A full listen to Writer's Block, which releases in the U.S. this week, reveals that the album is packed with great material, and "Young Folks" is just the beginning.
The songs on this indie-pop record roll from epic, reverb-heavy, Walkmen-esque intros of "Objects Of My Affection," "Start To Melt," and "Roll The Credits" to the drum-and-guitar driven "Let's Call It Off," to the album's best track, "Paris 2004," a bouncy and lilting ode to a weekend with your lover in Paris, in which Peter Moren sings about half-eaten croissants and strolling the boulevards. The song's chorus, "I'm all about you/you're all about me/we're all about each other" is one of the most simply stated confessions of young love since John and Paul decided they wanted to hold your hand.

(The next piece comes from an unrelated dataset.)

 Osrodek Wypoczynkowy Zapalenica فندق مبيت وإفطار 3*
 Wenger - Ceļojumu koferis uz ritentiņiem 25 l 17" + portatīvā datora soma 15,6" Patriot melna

The instruments are perfectly melded on every song with John Eriksson's drums providing a steady foundation. The music shifts seamlessly from major to minor as the vocals change from exalting to melancholy in a constant up-down flux that gives you no choice but to stay riveted to every lyric, guitar riff, and synth line. Thematically, Writer's Block is about love, but its views on how important any of that really is change with each song. Within three songs, the album jumps from the lover's lament of "Up Against The Wall" to the carefree days of "Paris 2004" and lands in the ditch with "Let's Call It Off."
This album is powerful, fun, and heartbreaking all at once. It's already a strong contender for my favorite album of the year… and it's only February.